In quel momento papà chiuse la porta che portava al garage, raggiungendoci in salotto.
“Come mai su così presto? Io stavo andando a dormire” dissi.
Che qualcuno l’avesse informato di quello che era successo? Non era escluso. Ma le sue parole smentirono i miei dubbi.
“Oh, niente di che, stasera ho finito di montare i pezzi che mi servivano, così sono venuto di sopra prima. Hai preso lo sciroppo?”
“Ehm no… mi è passato”
“Che sciroppo Jamie?” intervenne mio fratello.
“Niente, solo quello per l’influenza… prima non stavo tanto bene”
“D’accordo. Notte allora!”
Appena chiusa la porta della camera, il silenzio mi invase. Ero di nuovo solo e i pensieri che mi avevano abbandonato prima, ritornarono ad assillarmi.
Che cosa poteva essere successo? Qualche crono poliziotto aveva commesso un errore e aveva permesso così che un assassino girasse a piede a libero per New York?
Era improbabile, ma non impossibile.
Mi sedetti sul letto a gambe incrociate, osservando pigramente la mia stanza: il mio letto nell’angolo, l’armadio a muro sopra di esso, e dall’altra parte la mia scrivania da qualche anno piena di polvere.
Sapevo che i libri di testo appoggiati lì sopra non mi sarebbero serviti. Avevo bisogno di distrarmi.
Così con una mano cercai sotto il letto, finché la trovai: un piccolo scanso e una serratura.
Quello era il mio personale baule del tesoro, pieno dei libri messi all’indice che mio padre aveva procurato per me diversi anni fa. La chiave era al solito posto, in un cassetto dimenticato del mio armadio.
Da quanto tempo non l’aprivo? Decisamente dovevo essere davvero nervoso perché mi mettessi a leggere.
Ma quella notte non avevo affatto sonno, così perché non approfittarne?
Presi due libri a caso, senza guardare: “Uno studio in rosso” e “Il segno dei quattro”.
Era incredibile quanto le coincidenze riuscissero a stupirmi.
Le avventure di Sherlock Holmes, senza dubbio le mie preferite, erano perfettamente indicate al momento.
Da piccolo avevo sognato parecchie volte di ritrovarmi nei panni dell’investigatore inglese più celebre, anche se sapevo che non sarebbe mai stato possibile.

“… il suo sguardo era acuto e penetrante; e il naso sottile aquilino conferiva alla sua espressione un’aria vigile e decisa. Il mento era prominente e squadrato, tipico dell’uomo d’azione. Le mani, invariabilmente macchiate d’inchiostro e di scoloriture provocate dagli acidi, possedevano un tocco straordinariamente delicato, come ebbi spesso occasione di notare quando lo osservavo maneggiare i fragili strumenti della sua filosofia”

Tutto mi era estremamente familiare.
Sapevo che era questo che avrei voluto fare, se mi fosse stato possibile. Ma gli agenti della Crusade non erano investigatori, loro vedevano e applicavano la legge senza sconti, senza farsi domande.
Io me ne facevo fin troppe, e andando avanti con il racconto, immerso in un clima piacevolmente intriso di suspense e mistero, ne affiorarono in me delle altre.

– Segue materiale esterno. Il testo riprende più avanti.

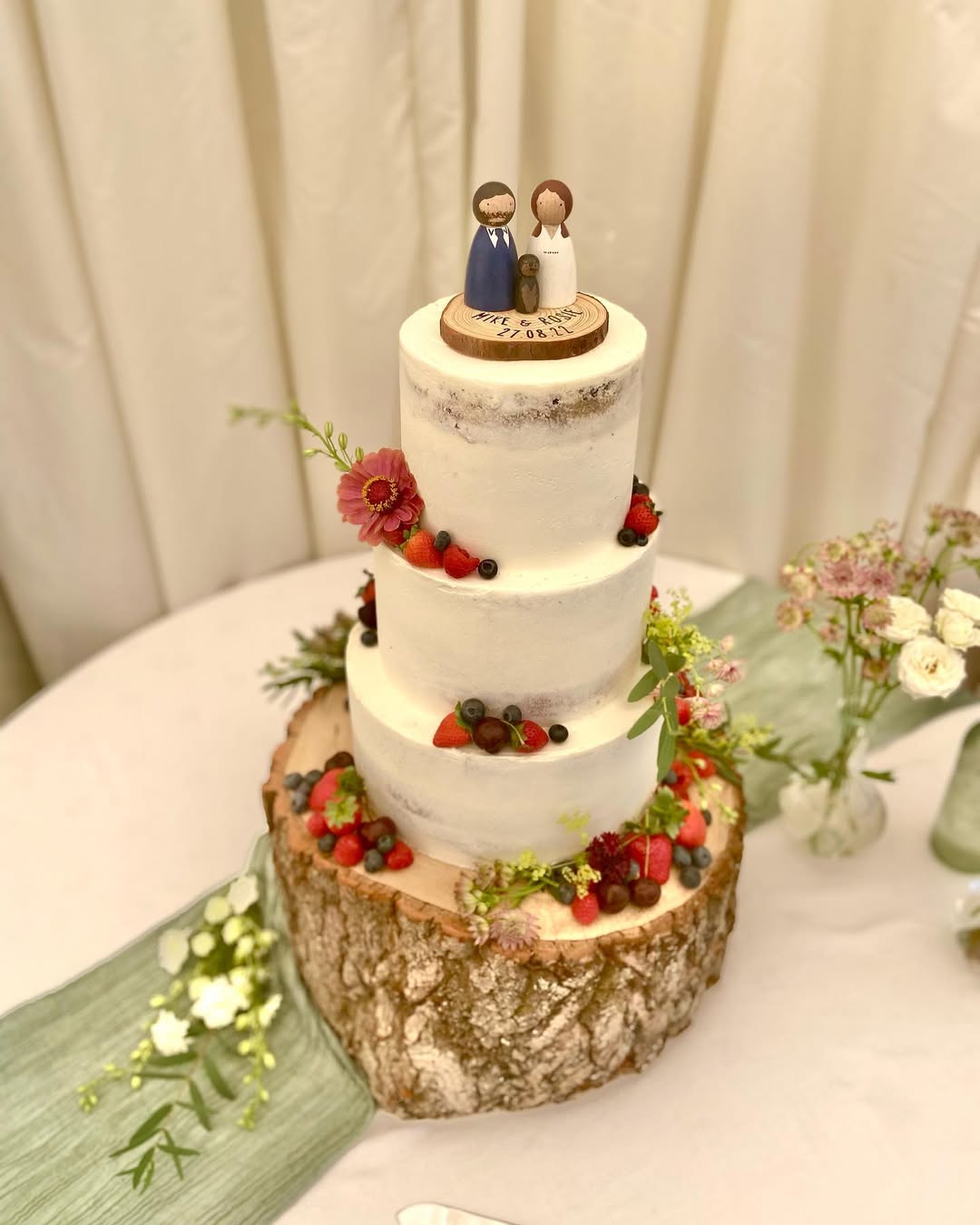 Rustic & Boho Wedding Cake Ideas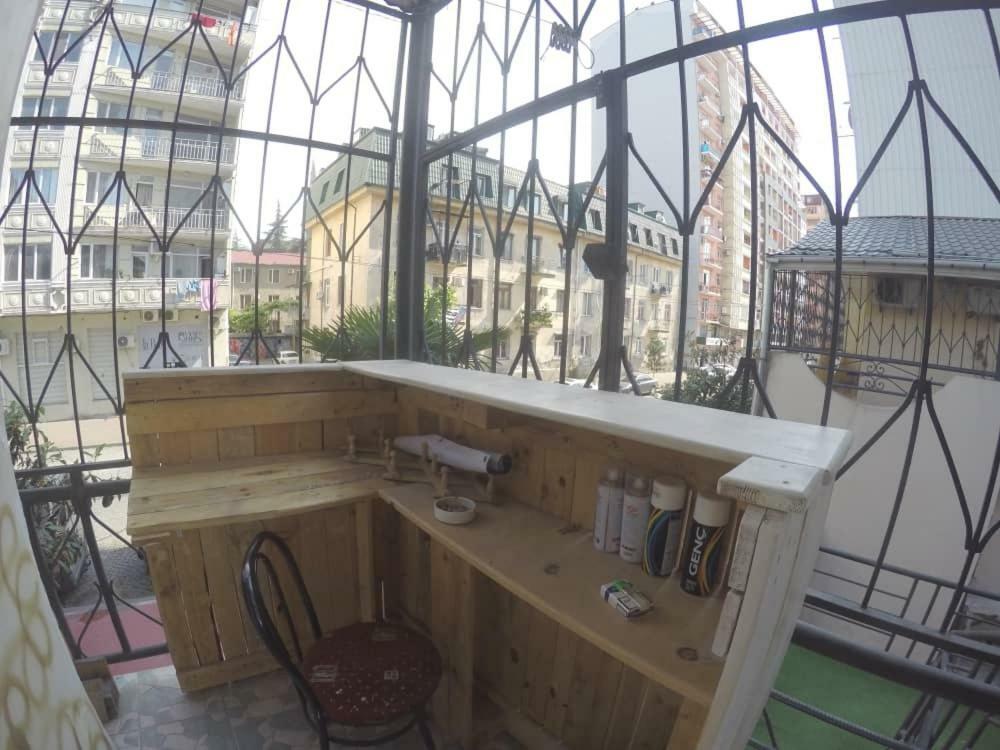Enjoy The Hostel Batumi Exterior photo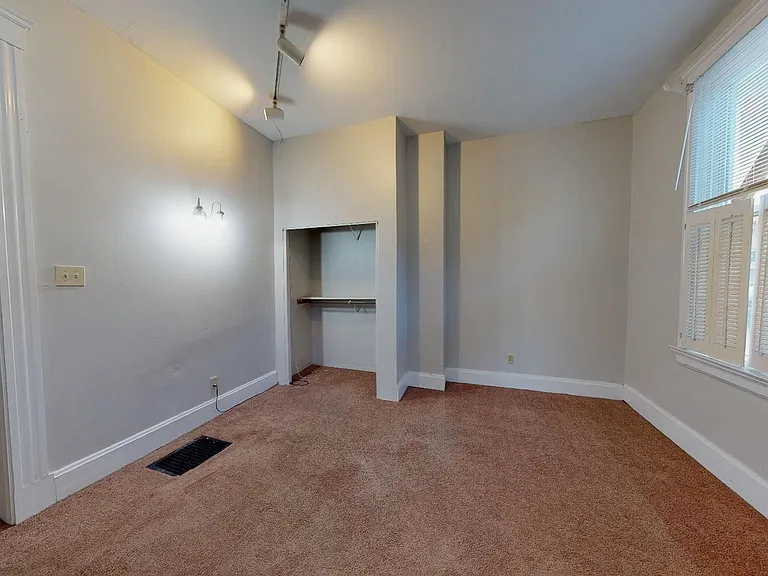 2319 Sauer Ave — Photo 5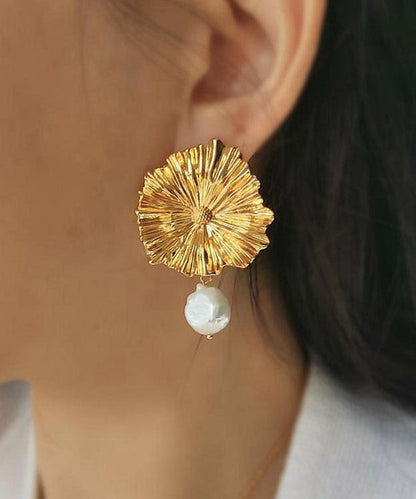 Pendientes colgantes con borlas de perlas y margaritas pequeñas de cobre amarillo dorado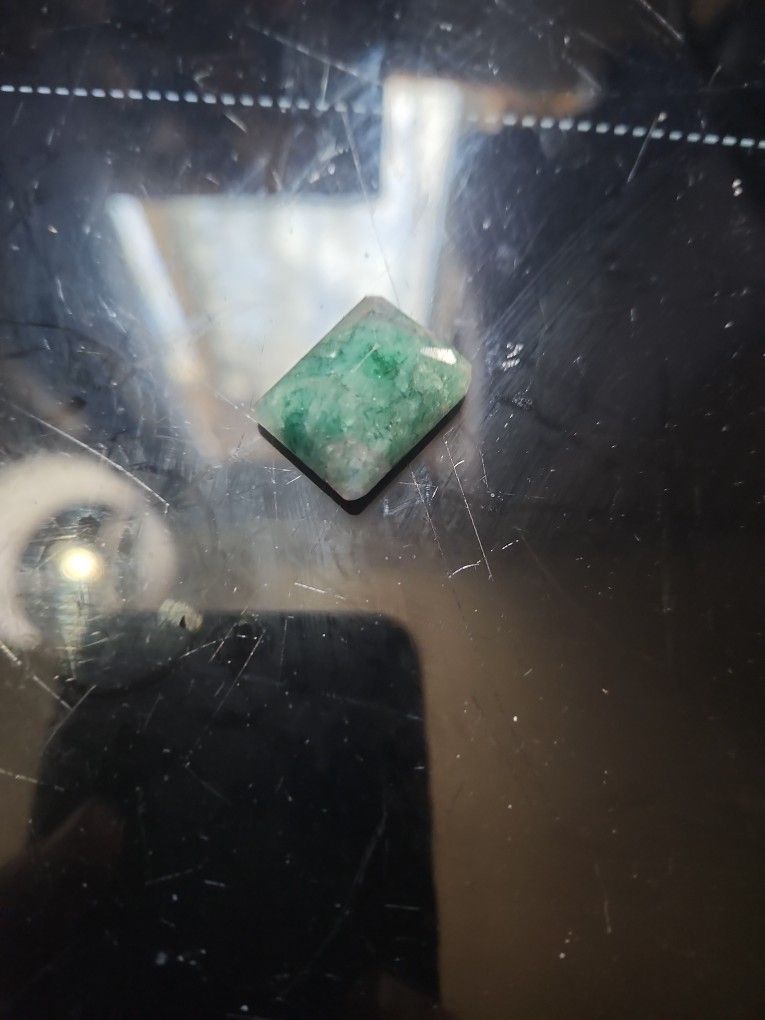 39.5 Ct Of Emerald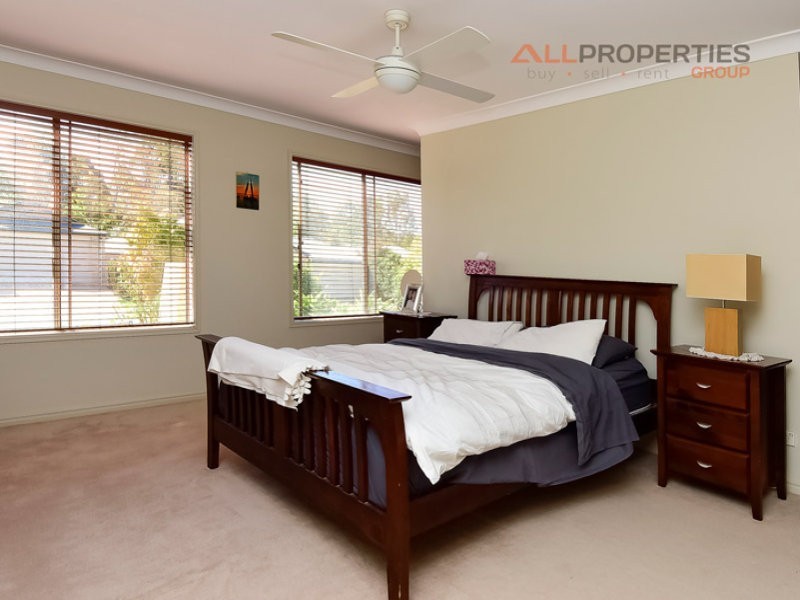 11 Parkside Place, Forest Lake QLD 4078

Cosa avrebbero fatto gli agenti della Crusade quando avessero scoperto che delle persone avevano visto il corpo? Ci avrebbero cancellato la memoria? Ci avrebbero deportato in qualche altro Stato, nei campi di lavoro per il bene della comunità? O tutti avrebbero continuato a fare finta di nulla? E se non fosse stato un errore di un poliziotto, cos’altro avrebbe potuto essere?

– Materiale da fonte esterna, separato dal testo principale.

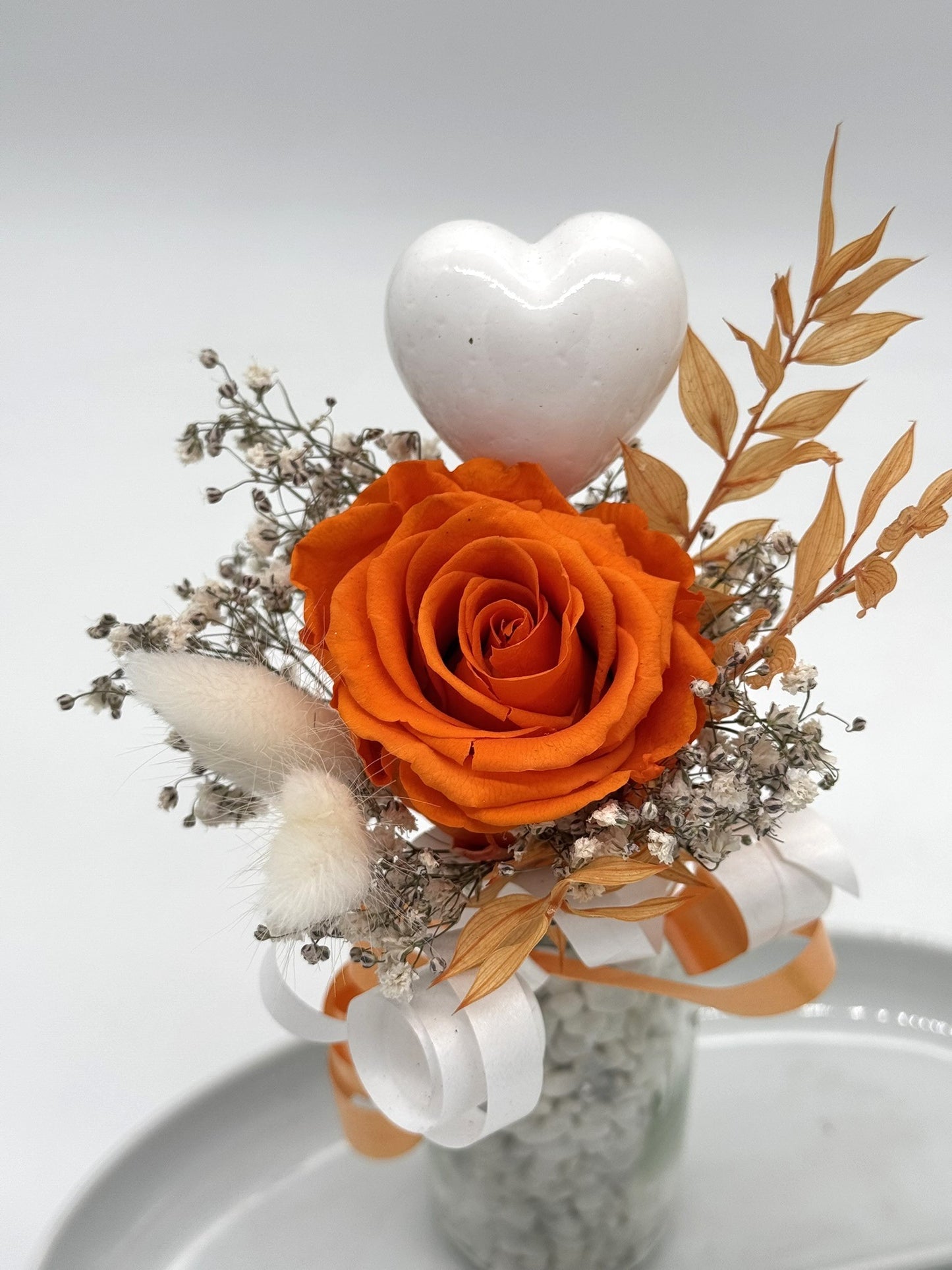 SET - Kleine Glasvase mit Deko orange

Ma di certo non avrei potuto, né dovuto indagare su fatti così oscuri, così al di fuori della portata di noi comuni cittadini.

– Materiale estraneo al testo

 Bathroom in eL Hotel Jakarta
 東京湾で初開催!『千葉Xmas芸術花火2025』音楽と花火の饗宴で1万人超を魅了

Avrei finito solo con il cacciarmi in qualche pasticcio, nel quale avrei coinvolto anche la mia famiglia, e questo era l’ultima cosa che volevo.

“… eliminato l’impossibile, ciò che resta, per improbabile che sia, deve essere la verità”

Ma quale verità c’era dietro a tutto questo? Se ci pensavo, potevo ancora vedere l’uomo riverso sul pavimento. Sembrava avere più o meno la nostra età: aveva capelli neri corti, quasi rasati, il viso rotondo e un po’ paffuto e gli occhi scuri. Un buco in fronte, esattamente al centro.
Che fosse stato solo un caso?
Con queste domande in testa mi addormentai, sognando di essere inseguito da un killer.